_RECORDS FOR PROCESSING_

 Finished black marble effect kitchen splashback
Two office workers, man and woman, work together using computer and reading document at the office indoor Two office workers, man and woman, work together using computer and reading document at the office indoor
---
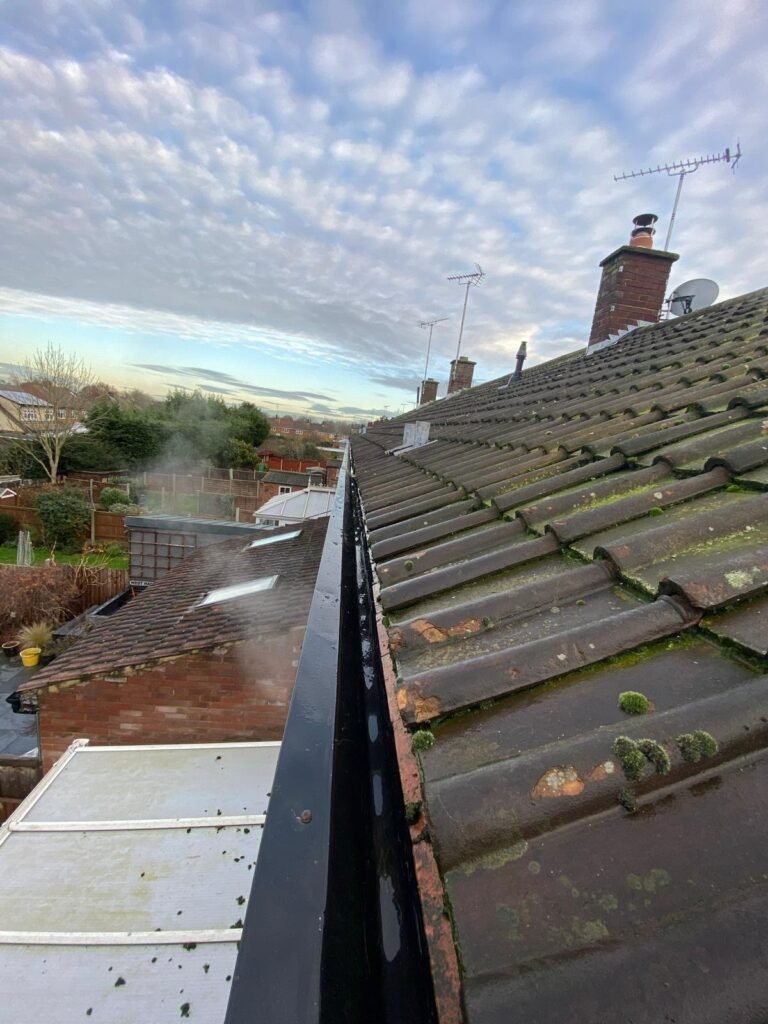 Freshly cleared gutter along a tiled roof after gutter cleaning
==
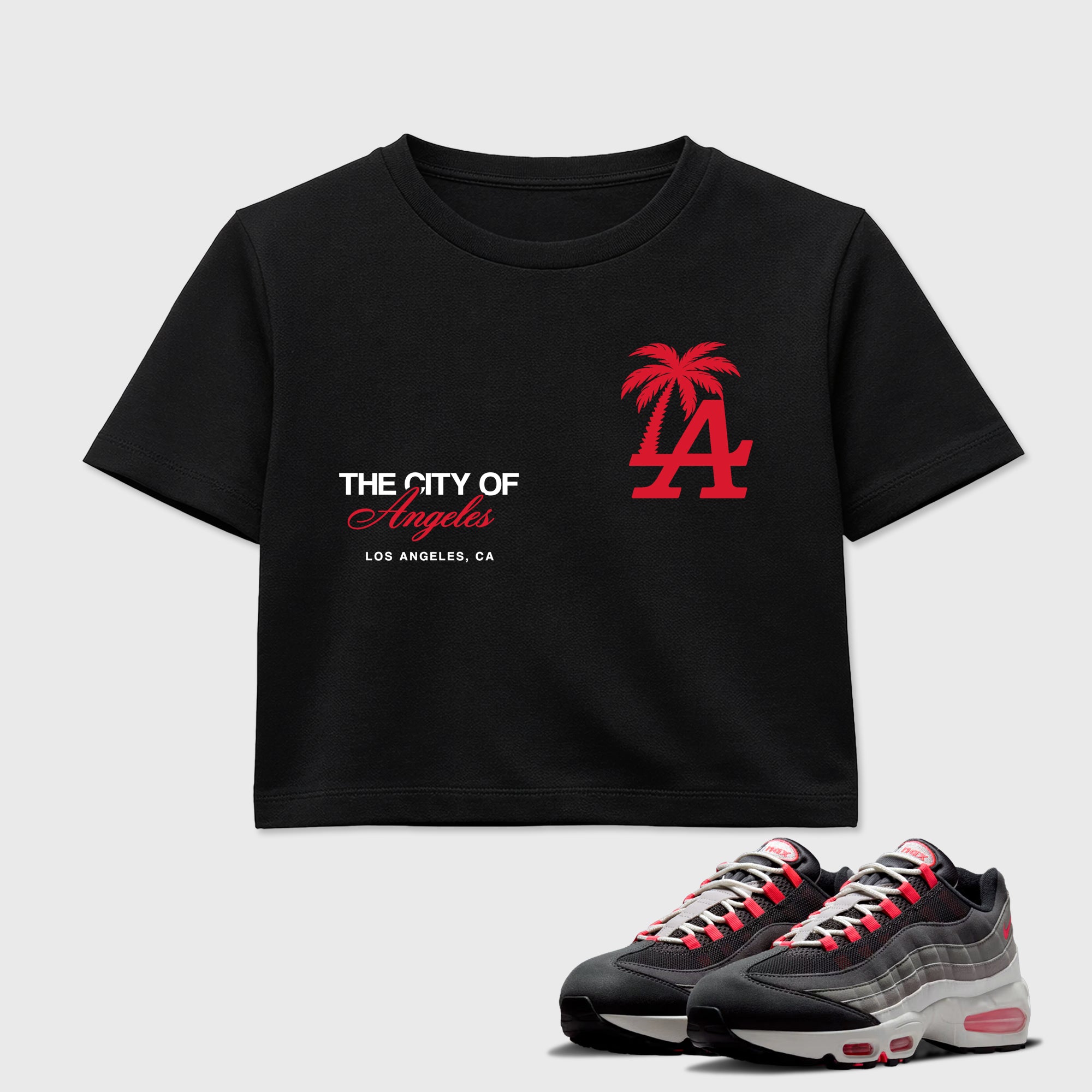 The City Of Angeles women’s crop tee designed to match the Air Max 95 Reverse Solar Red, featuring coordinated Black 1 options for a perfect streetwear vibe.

_EXERCISE BRIEF_
In the entries above, find the line with "Finished black marble" and the line with "office indoor Two", then set down exactly those two and every line between them, nothing else.

_WORKED SOLUTION_
 Finished black marble effect kitchen splashback
Two office workers, man and woman, work together using computer and reading document at the office indoor Two office workers, man and woman, work together using computer and reading document at the office indoor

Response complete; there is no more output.